Dataset extract →
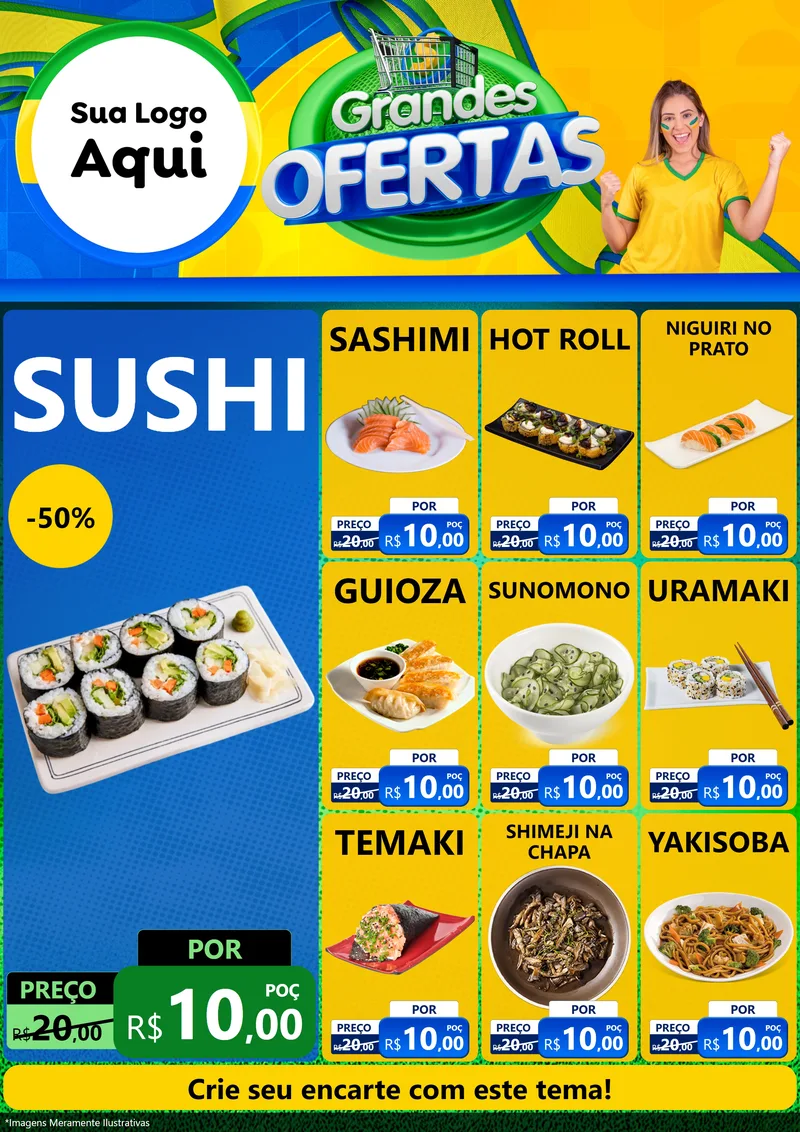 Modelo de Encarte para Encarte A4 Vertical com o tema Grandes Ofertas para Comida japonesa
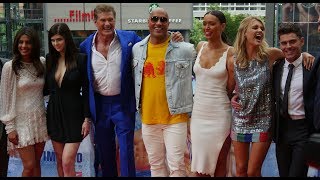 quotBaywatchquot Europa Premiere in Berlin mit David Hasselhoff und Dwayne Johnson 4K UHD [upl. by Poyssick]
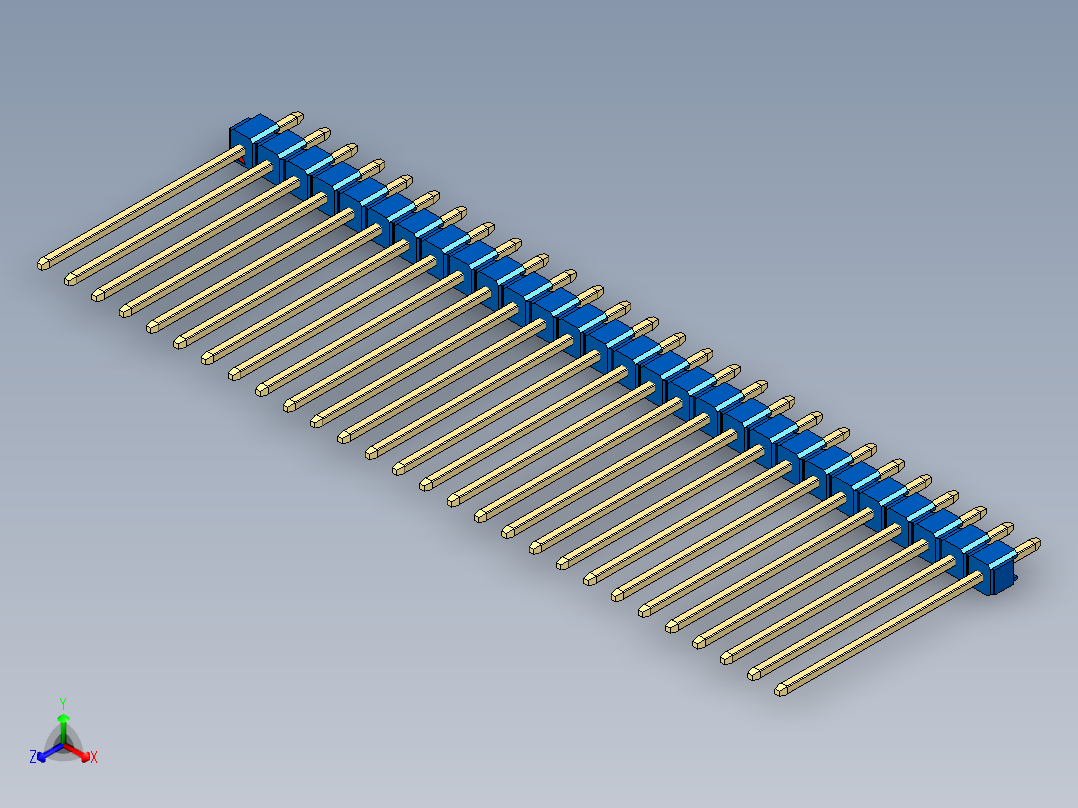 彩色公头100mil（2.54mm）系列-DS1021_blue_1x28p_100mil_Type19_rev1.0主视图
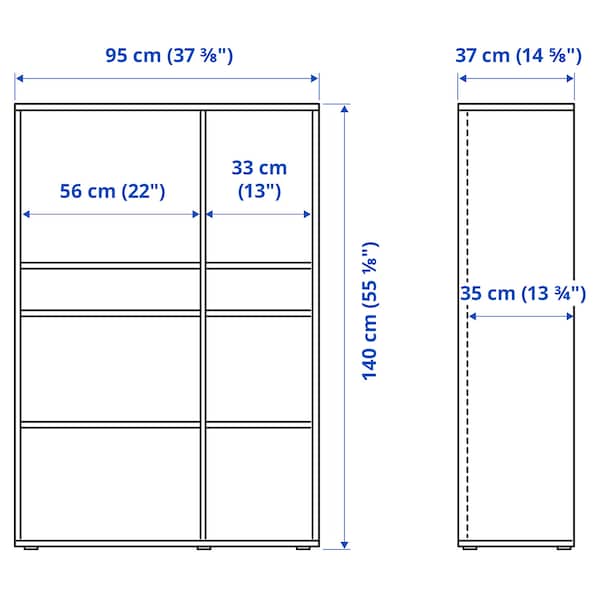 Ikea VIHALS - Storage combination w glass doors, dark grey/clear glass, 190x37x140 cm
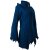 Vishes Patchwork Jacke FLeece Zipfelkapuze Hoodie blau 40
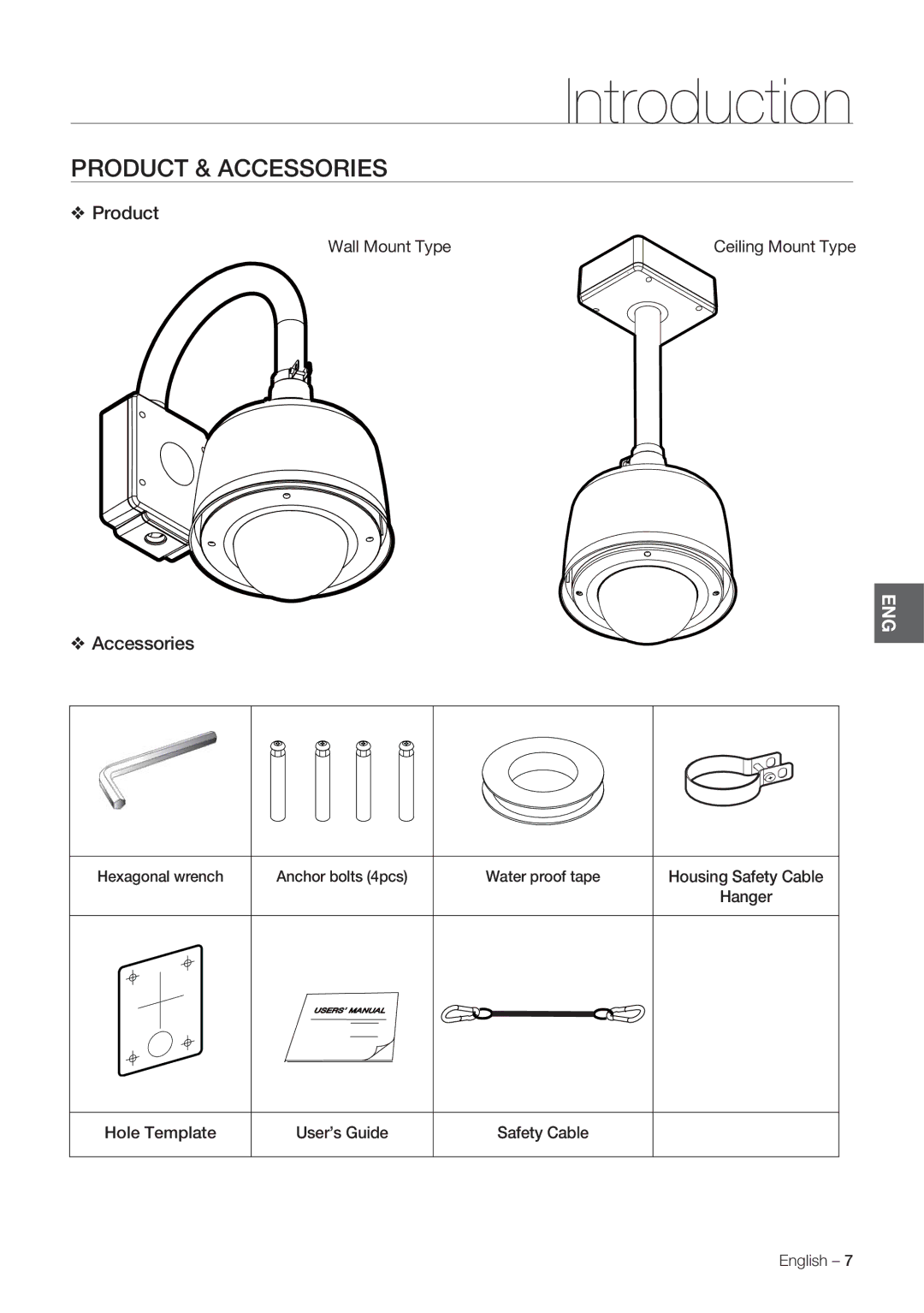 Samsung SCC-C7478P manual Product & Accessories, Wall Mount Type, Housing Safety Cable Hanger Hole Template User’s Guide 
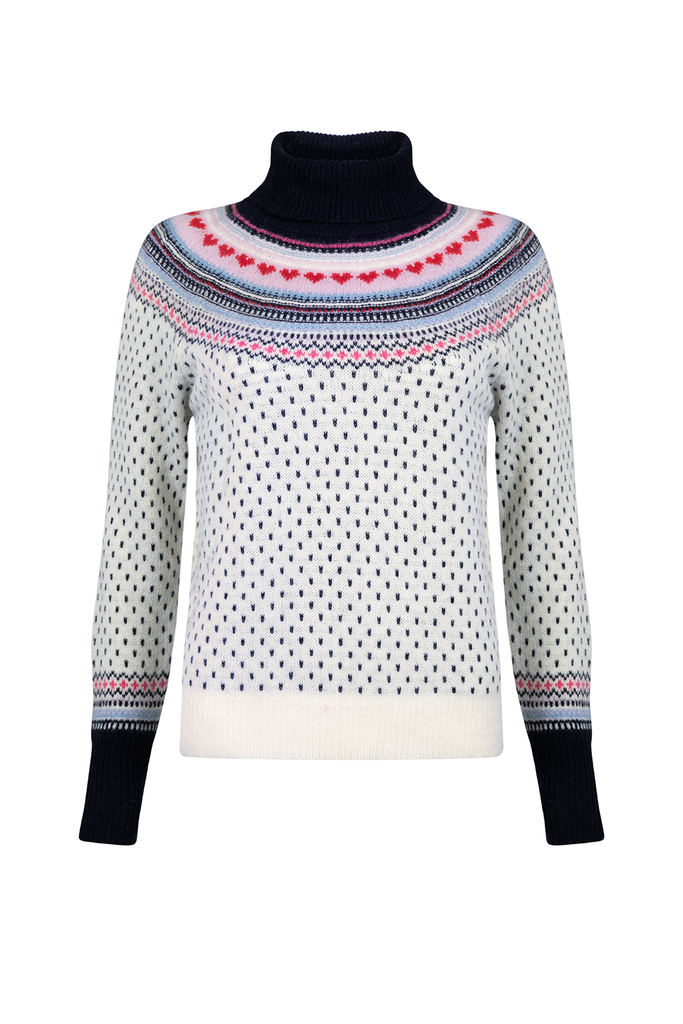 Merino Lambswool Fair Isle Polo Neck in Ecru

The problem → Locate the line containing "Samsung SCC-C7478P manual" in the material above, then repeat it and every later line exactly, with no pictures.

Solution for this exercise →
 Samsung SCC-C7478P manual Product & Accessories, Wall Mount Type, Housing Safety Cable Hanger Hole Template User’s Guide 
 Merino Lambswool Fair Isle Polo Neck in Ecru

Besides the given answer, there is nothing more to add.